Think about it. A helicopter equipped with FLIR is flying at night. That FLIR just takes a flip of a switch to activate. How are we sure that the switch is ever OFF? Are we to trust that it's off when not needed (chasing bad guys?) What if they have it on constantly?

Only difference is maybe you can't hear the drones overhead? Are they to just fly a grid pattern to catch illegal activity or spy? Or are they only to be used to chase bad guys. What determines a "bad guy" if they are spying on EVERYBODY like a suspect to a crime they are about to commit (Guilty until proven innocent reference)

Another reason to grow giant trees around my property. They can see my heat markers, but won't be able to directly tell what I'm doing.............


----------



## Condor (Dec 26, 2012)

rice paddy daddy said:


> Not true at all. The small ones available for private use are no bigger nor more sophisticated than a radio controlled model plane.

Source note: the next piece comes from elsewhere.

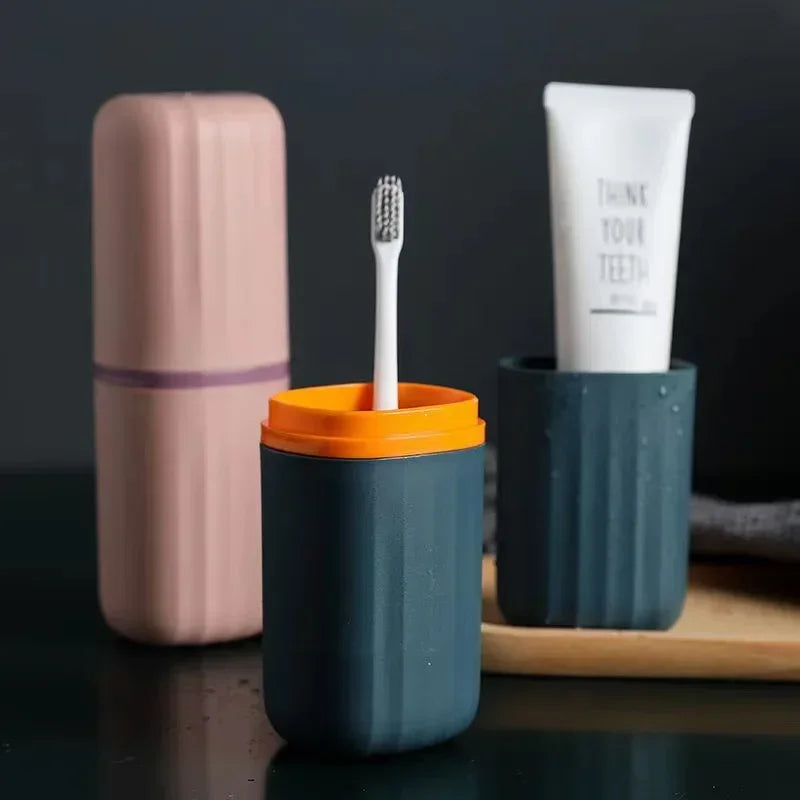 Simple Home Travel Rinse Cup Mouthwash Cup Tooth Bucket Toothbrush Toothpaste Storage Box Toothpaste Box Portable Set Qme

Did you not see photos of the drones PETA used to spy on the South Carolina dove hunters?
> When people hear the word "drones" they automatically think of military styled aircraft that fly at thousands of feet in altitude equipped with FLIR, night vision, and high resolution cameras.
> Not so.
> They can be bought for less than $600. Unmanned Aerial Vehicles (UAV) - RobotShop
> And that is just ONE source. Google can be your friend, sometimes.


Well,not to nitpick, the one for $600 is a kit that needs assembled, needs software and a computer, RC radio equipment and someones time and smarts to figure it out. It also has limited flight time, radius and from watching the video, it's very noisy with that noise bleeding into the audio. Video wasn't that great either. The next level up was $5,000. Like I said, I'd be surprised if anyone other than the Gov't would have the resources to use them.


----------